Audley Harrison is once again coming off a poor performance, or non-performance, after losing to American's Deontay Wilder, 28-0 (28), in a single round at Sheffield’s Motorpoint Arena on Saturday night.  As usual, the big southpaw said all the right things pre-fight, but the bout itself lasted just over a minute.  The fans in attendance booed him when “A-Force” walked to the ring, as it was announced and when he was in distress, the same fans who trot out the old clichés: ‘I respect every man who gets into the ring’, ‘It is a life and death sport’, when a fighter gets injured or dies.  Truth be told, he was not good enough on the night and was knocked out by the younger man and better fighter.  The LA-based Londoner now faces retirement and decades of looking back on a professional career that failed to reach the heights of his amateur career.

The onslaughts continued after the fight, Audley hadn’t hurt anyone, and that’s the problem.  It was another fight in which he had failed to fire and protests over the “premature” stoppage, plus his argument that he had taken a knee and was officially down when Wilder threw the last few — he didn’t and wasn’t — further fuelled the ire of the people who think he is a disgrace to the sport.

Harrison, though, did not and had not earned one post-fight barb levelled at him by Richard Keys, who led BoxNation’s coverage of the fight and accused Harrison, now 31-7 (23), of “bringing the sport into disrepute”.  David Price, the man who wiped Harrison out in a round last October, leapt to his former victim’s defence, and defended him well, yet Keys was insistent in his denunciation of the 2000 Olympic gold medallist.

Now, Keys is relatively new to the sport but, as an experienced journalist and broadcaster, you would expect a dose of perspective.  “Bringing the sport into disrepute” is a real charge, levied by the BBBoC, or relevant body, as the result of an extreme offence and is a charge of misconduct.  Now, the Board can rescind part of a boxer’s purse if they feel he has not made enough of an effort or has frozen, but this course of action is hard to take as it is difficult to definitively prove that a fighter did not make an effort, as opposed to being out-matched and out-gunned.
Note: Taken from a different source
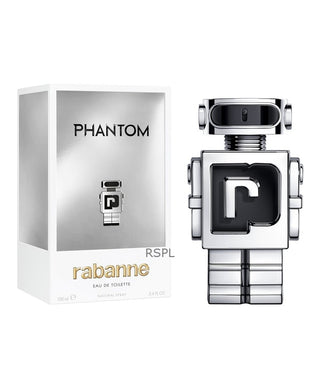 Paco Rabanne Phantom Edt Spray for Men 100ml/3.4oz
In 1991 John Morris, the BBBoC’s secretary, confirmed that Chris Eubank was facing the charge of disrepute for head butting Dan Sherry during their WBO middleweight title fight.  Eubank was given a reprimand and £10,000 fine.  Mark Kaylor and Errol Christie were hit with the charge, and fines of £15,000 and £5000 respectively, for their pre-fight press conference brawl in 1985, ‘bringing the sport into disrepute’ was the official charge.  Eubank was handed another charge in August 1995 for comments about Steve Collins’s decision to employ a hypnotist ahead of their first fight and the implied consequences if he did this ahead of the rematch; “Simply The Best” was hit with a £5000 that time and went on to lose the return.  Oliver McCall, in the dock on the same charge for claiming he would hurt Frank Bruno during their 1995 WBC heavyweight world title fight to exact revenge for the injuries sustained by Gerald McClellan, was cleared due to “misrepresentation” of the original quotes by the national press.  McCall argued that he had been referring to scoring a KO, rather than permanently injuring Bruno, and moved forward with the fight.
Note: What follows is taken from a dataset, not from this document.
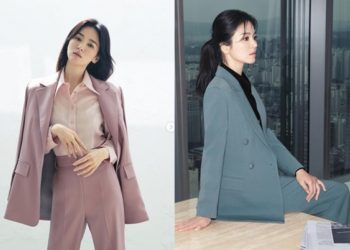 Diện trang phục công sở mùa thu đông đẹp như Song Hye Kyo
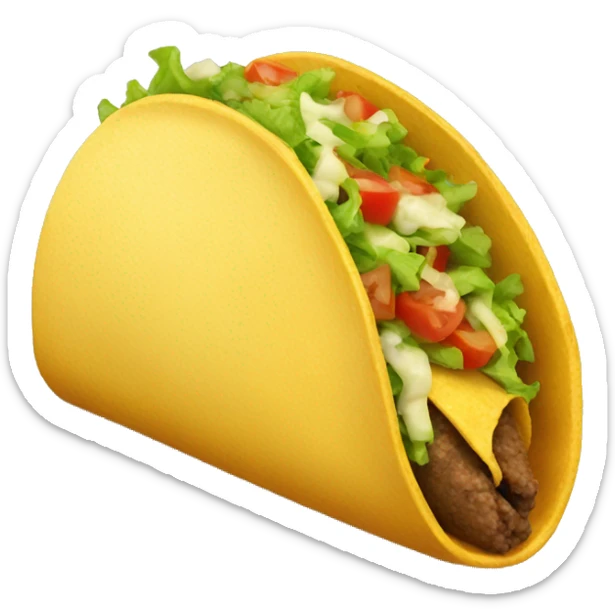 taco sticker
Adrian Dodson was charged, fined and hit with an 18-month ban for his bite on Alain Bonnamie in 1999.  In recent times, Scott Harrison was brought before the Board for failing to make weight for his 2006 fight with Nicky Cook, forcing him to cancel a WBO title defence for the second time.  It is not just the fighters, either, as Mickey Vann was given 14 charges for remarks in his autobiography.  Throw in the Board’s decision to level the charge at Dereck Chisora for his press conference brawl with David Haye last year and you have a clear picture of what “bringing the sport into disrepute” entails, and why Harrison, despite the disappointing performance on Saturday night, doesn’t deserve to be hit with Board Regulation 25 (Misconduct).

Harrison may be many things yet the only crime thing he should be convicted of is continuing to live in denial over how far he can go in the sport.  Harrison’s dared to dream, and dream, and dream, and he should retire for the same reason many fighters retire — because he’s no longer good enough to complete at the level he wants to compete at.  He didn’t deserve the full length and scope of Keys’s verbal assault and, for the reasons of accuracy, has a long way, and some major infringements, to go before he drags the sport into disrepute.

For all his flaws, there has also been some good in the career of Harrison — shining a light on, and bringing extra funding to, amateur boxing chief amongst them — and those who want to insult and abuse him should bear in mind that, more than once, he has had to be publicly reminded that he isn’t the fighter he wants to be.  That’s got to hurt him even more than the KOs, so we should lay off the 41-year-old for a while, or at least be a little bit more realistic in our appraisal of Saturday night’s performance.